> [What you are asked to do]:
From the first line to the last, output the records exactly and drop any images.

> [Supplied records]:
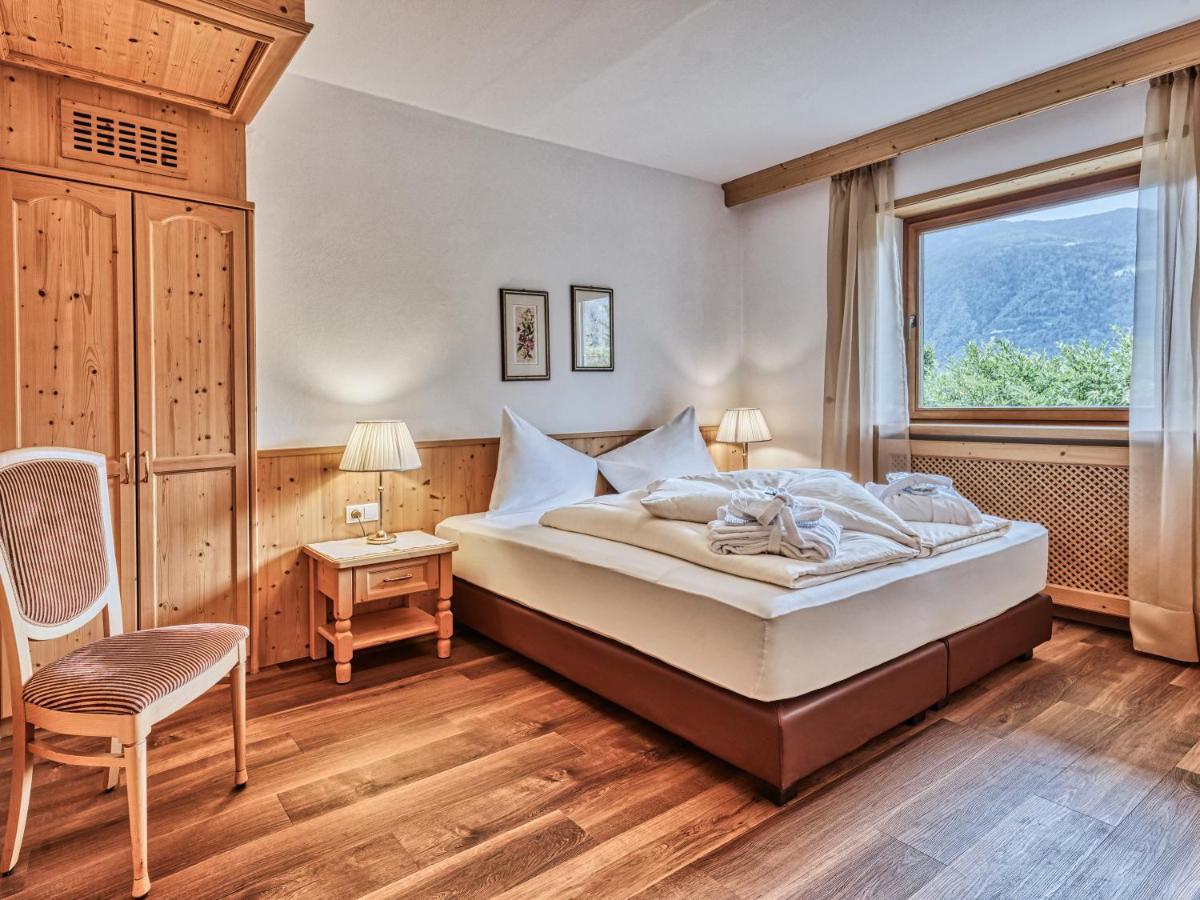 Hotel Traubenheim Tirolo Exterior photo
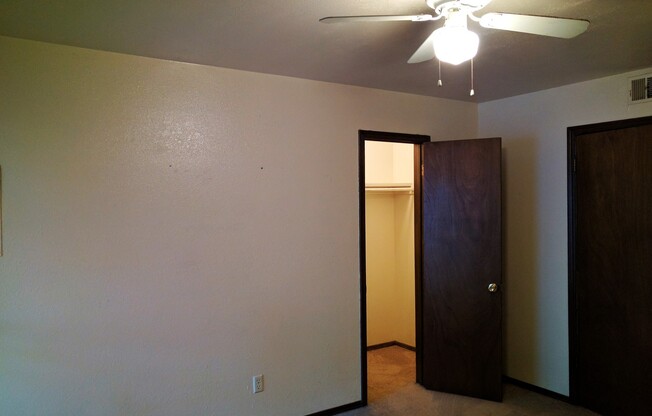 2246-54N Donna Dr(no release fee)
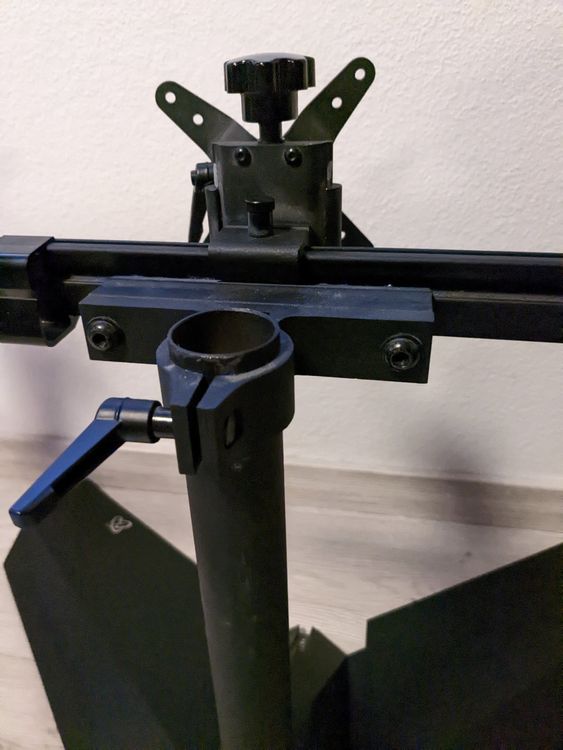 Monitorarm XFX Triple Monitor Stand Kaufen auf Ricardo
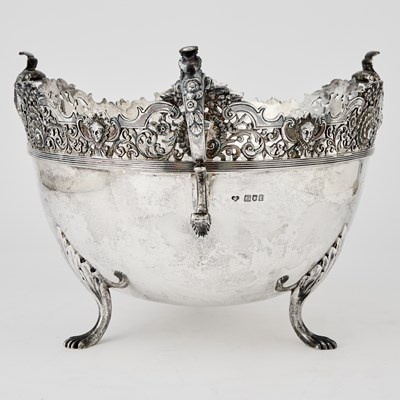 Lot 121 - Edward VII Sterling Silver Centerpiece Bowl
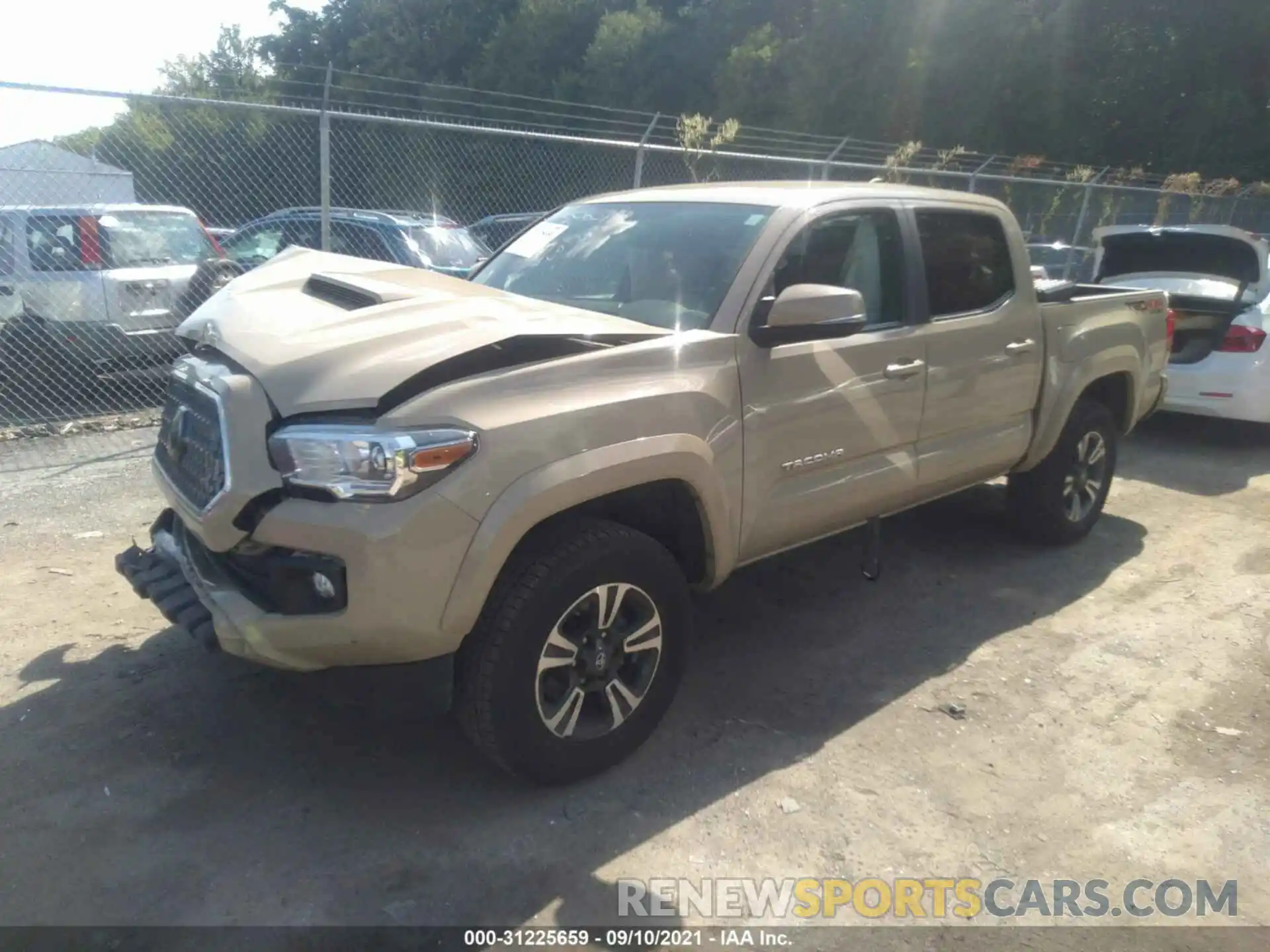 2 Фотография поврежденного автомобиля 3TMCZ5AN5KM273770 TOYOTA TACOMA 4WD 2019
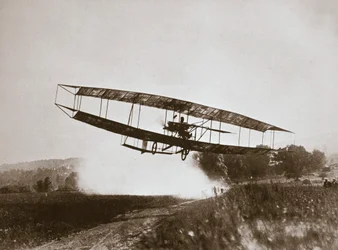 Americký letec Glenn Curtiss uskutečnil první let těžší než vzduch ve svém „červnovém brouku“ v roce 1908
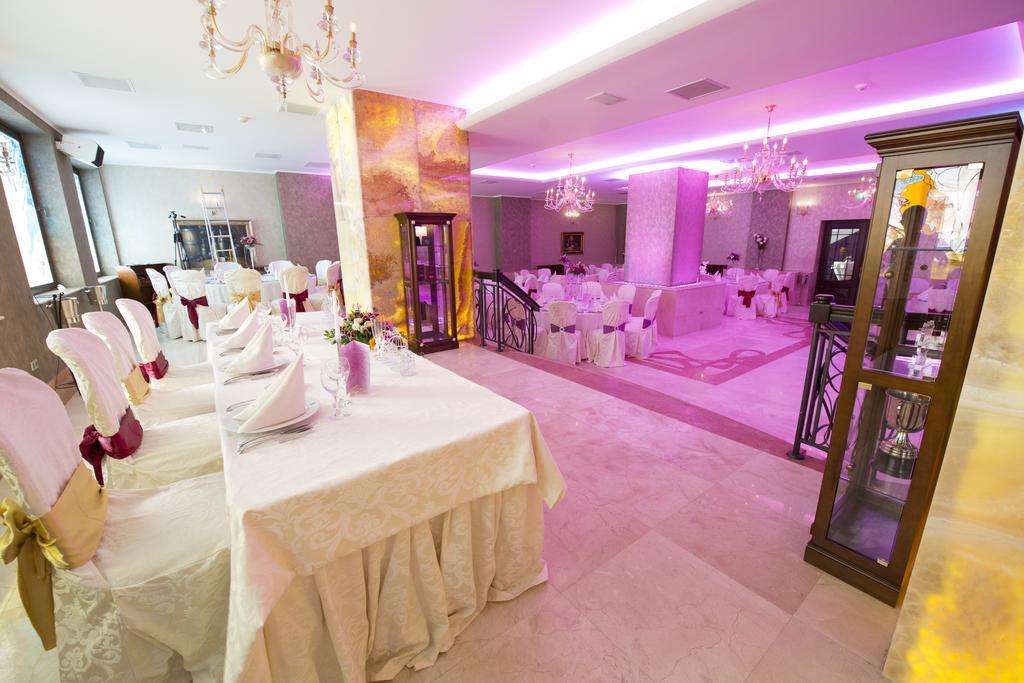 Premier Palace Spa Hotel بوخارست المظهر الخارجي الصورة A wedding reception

> [Problem solution]:
 Hotel Traubenheim Tirolo Exterior photo
 2246-54N Donna Dr(no release fee)
 Monitorarm XFX Triple Monitor Stand Kaufen auf Ricardo
 Lot 121 - Edward VII Sterling Silver Centerpiece Bowl
 2 Фотография поврежденного автомобиля 3TMCZ5AN5KM273770 TOYOTA TACOMA 4WD 2019
 Americký letec Glenn Curtiss uskutečnil první let těžší než vzduch ve svém „červnovém brouku“ v roce 1908
 Premier Palace Spa Hotel بوخارست المظهر الخارجي الصورة A wedding reception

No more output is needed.